Thanks for all that advice folks. I really appreciate everyone chiming in. I’m not at home now, so I can’t inspect that tailpiece, but I don’t think it’s actually made to adjust. I think it’s stationary. I could be wrong though.

So it sounds like trying out some of these things: new longer tailpiece, nickel strings, lighter bridge, and frosted head.

Makes sense to me to try one thing at a time. So maybe strings first, then bridge, then tailpiece, then head.

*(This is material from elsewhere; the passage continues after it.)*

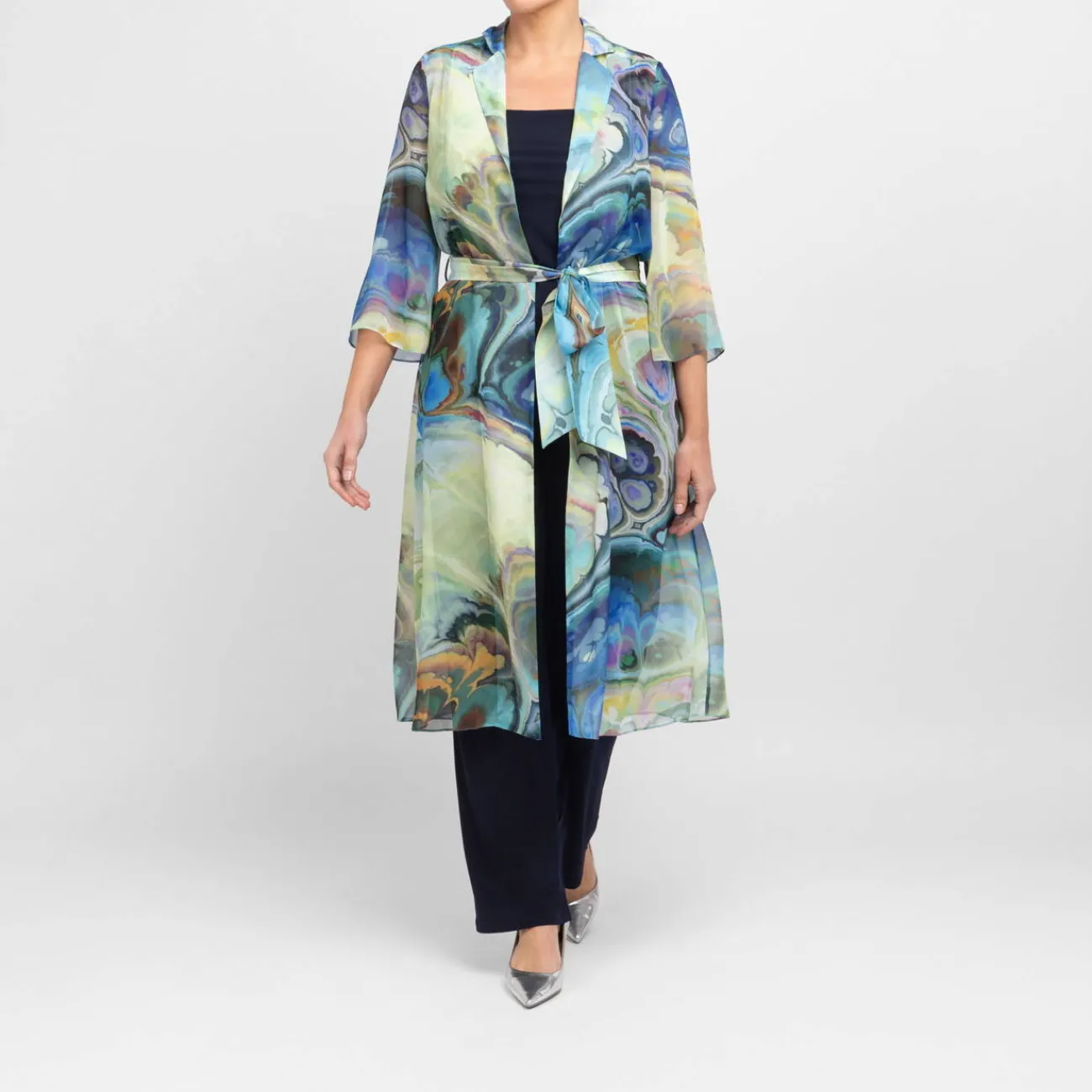 New Tia Marble Print Long Jacket Multi-Colour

Any bridge suggestions for something lightweight?

Dec 2, 2020 - 9:57:21 AM

132 posts since 10/2/2011

This is the video that Eric mentioned.

https://youtu.be/88OlVO9Wkwc

Dec 2, 2020 - 10:15:24 AM

Emiel

Austria

9694 posts since 1/22/2003

quote:
Originally posted by josephryanevans

Thanks for all that advice folks. I really appreciate everyone chiming in. I’m not at home now, so I can’t inspect that tailpiece, but I don’t think it’s actually made to adjust. I think it’s stationary. I could be wrong though.

So it sounds like trying out some of these things: new longer tailpiece, nickel strings, lighter bridge, and frosted head.

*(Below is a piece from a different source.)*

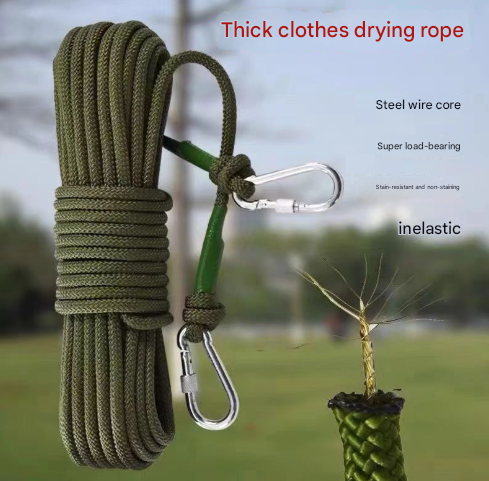 Green With Wire Core Heavy Duty Adjustable Clothesline Set (4 Pack) - 15m Steel Wire Core Nylon Rope with Hooks for Outdoor & Camping Tristar Online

Makes sense to me to try one thing at a time. So maybe strings first, then bridge, then tailpiece, then head.

Any bridge suggestions for something lightweight?

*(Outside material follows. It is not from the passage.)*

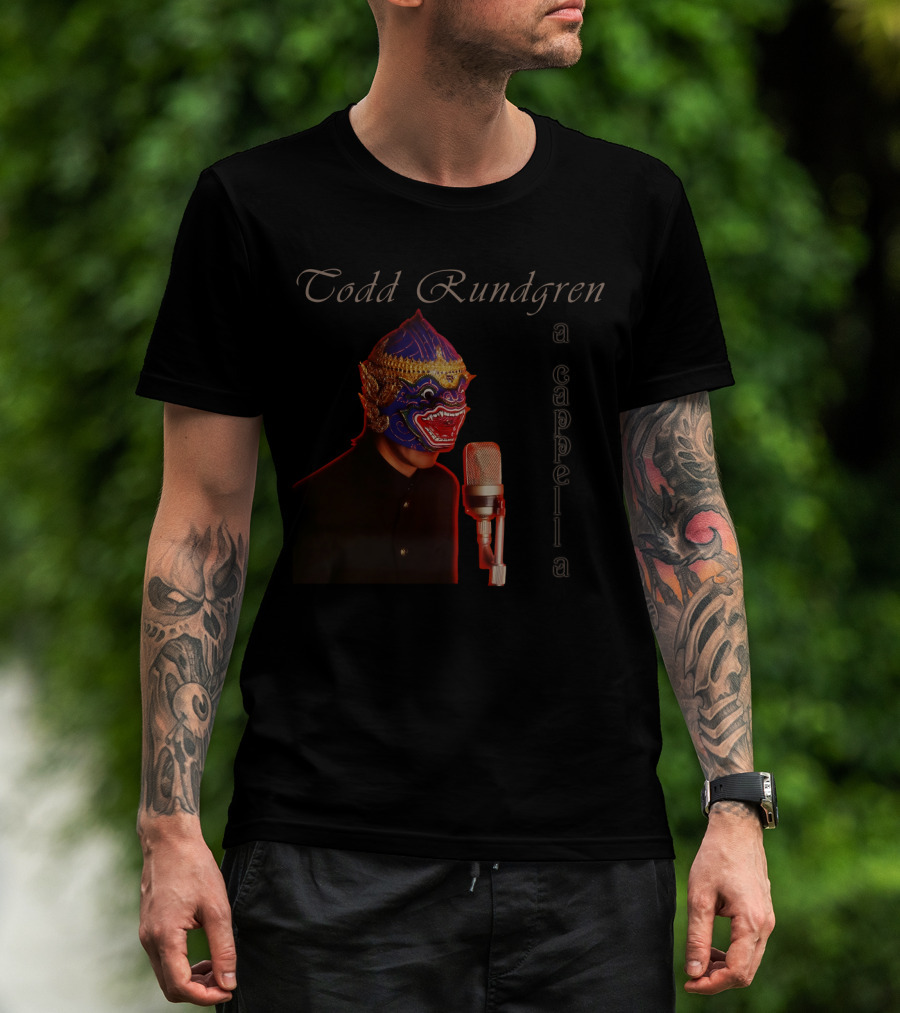 Todd Rundgren A Cappella Mask Microphone Iconic Musical T-Shirt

Yes, once at a time, and assess how it changes the sound…!

Edited by - Emiel on 12/02/2020 10:22:52

Dec 2, 2020 - 10:19:56 AM

Emiel

Austria

9694 posts since 1/22/2003

quote:
Originally posted by josephryanevans

This is the video that Eric mentioned.

https://youtu.be/88OlVO9Wkwc

 


That's a Kershner tailpiece (and a Remo top-frosted head btw), a tailpiece that focuses the sound – compared to the Presto at least, not sure how it compares to your tailpiece (New Waverly) in this respect. But it will sound better than your tailpiece as it is made of plated brass. Your tailpiece is probably made of plated steel.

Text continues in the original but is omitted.